Friday, June 17, 2005

KEASRIAN YANG LANGKA DI JAKARTA


HUTAN KALI PESANGGRAHAN
KEASRIAN YANG LANGKA DI JAKARTA

Berada pada area seluas 40 hektar di selatan Jakarta, tidak percaya rasanya kalau kita masih menjejakkan kaki diibukota metropolitan ini. Udara yang bersih, pohon-pohon yang rindang, kicauan burung yang masih ramai terdengar hingga air sungai yang jernih mengalir. Namun tidak begitu saja kondisi itu terjadi, perjuangan selama 15 tahun dilakukan untuk mewujudkannya.

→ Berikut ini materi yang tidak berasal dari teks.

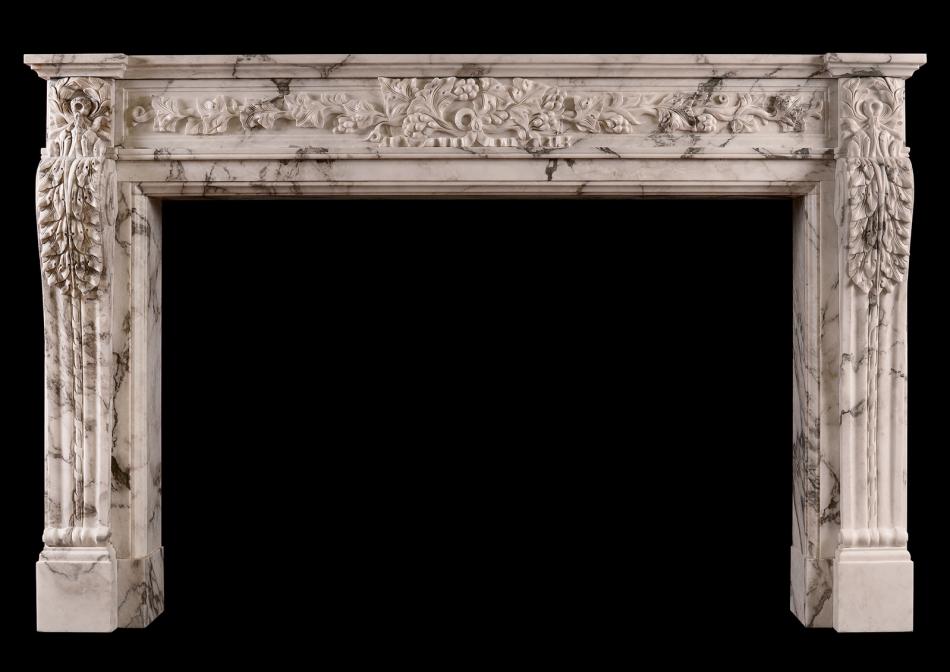 A carved French Arabescato marble fireplace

Pesanggrahan berarti tempat kumpul atau musyawarah. Diberi nama seperti itu karena mungkin dulunya tempat ini merupakan tempat berkumpulnya orang banyak. “Dulu pada tahun 1950-1960an saya memancing itu masih banyak ikannya, tapi tahun 1976 itu hancur total, sampah menumpuk, air sungai menghitam dan munculnya rumah2 kumuh dibantaran kali,” kata Chaerudin, ketua kelompok Tani Lingkungan Hidup Sangga Buana di wilayah Pesanggrahan, Karang Tengah, Lebak Bulus, Kelompok inlah yang mengawali penghijauan di bantaran kali Pesanggrahan.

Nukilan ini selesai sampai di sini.